Le Monde : Les préventions de Bernard Tapie et de Radical à votre endroit ne constituent-elles pas, pour vous, un handicap ?
Lionel Jospin : Depuis vingt ans et, notamment, quand j'étais premier secrétaire du Parti socialiste, j'ai toujours eu d'excellentes relations avec les radicaux. Dans ma région Midi-Pyrénées, nous avions même fait un accord électoral complet il y a deux ans, Je garde le même état d'esprit.
Le Monde : Comment, après quatorze années de mitterrandisme, penser imaginable la victoire, en mai, d'un candidat de gauche ?

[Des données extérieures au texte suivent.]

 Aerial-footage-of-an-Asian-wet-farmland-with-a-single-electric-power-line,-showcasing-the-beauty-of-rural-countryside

Lionel Jospin : La question ne peut se poser par rapport à la seule question du mitterrandisme. Il en existe d'ailleurs plusieurs lectures, plusieurs héritages. J'en représente une partie. On pourrait même soutenir qu'il y a eu plusieurs phases. Personnellement, je ne mets pas sur le même plan le premier et le deuxième septennat.
Le problème n'est ni dans la rupture avec le mitterrandisme, ni dans la révérence. Au-delà du destin politique assez exceptionnel de l'homme François Mitterrand, la question politique qui se pose à nous est plutôt de savoir quelles leçons nous tirons de notre action collective au pouvoir ? Comment, à partir de là, se projeter dans l'avenir ? Quant à une victoire en mai pour la gauche, nous mesurons bien qu'elle semble, aujourd'hui, difficile, mais qui pensait que nous gagnerions en 1981 et en 1988 ?

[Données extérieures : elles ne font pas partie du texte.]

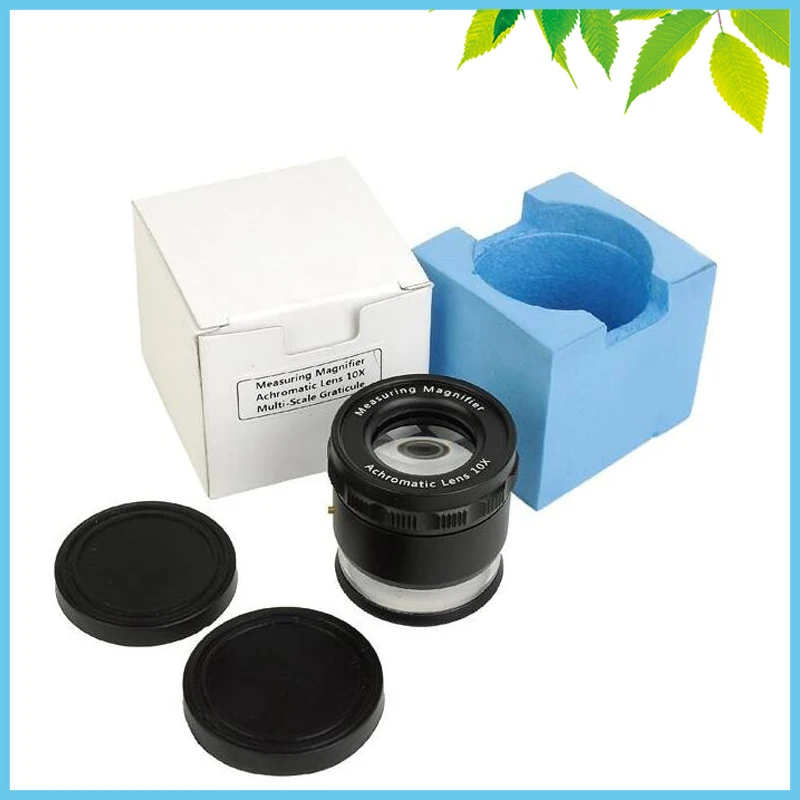 

8 LED Lights Illuminated Adjustable Cylinder Loupe 10X Magnifier with Scale Printing Measuring Microscope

Une politique est aujourd'hui menée par M. Balladur et sa majorité. Je constate qu'elle ne réussit pas, malgré l'aisance que donne la reprise économique mondiale. Elle ne réussit pas parce que ce n'est pas la bonne. Si elle devait être poursuivie, elle conduirait la France à de très sérieuses difficultés sur le plan social et, notamment, pour sa jeunesse, que menacent le découragement et, parfois, le désespoir. La droite est profondément divisée. Elle n'a pas de projet mobilisateur pour le pays. Son meilleur atout, c'est l'idée, partout répandue, qu'on ne peut pas la battre. Si nous changions cela, nous pourrions gagner.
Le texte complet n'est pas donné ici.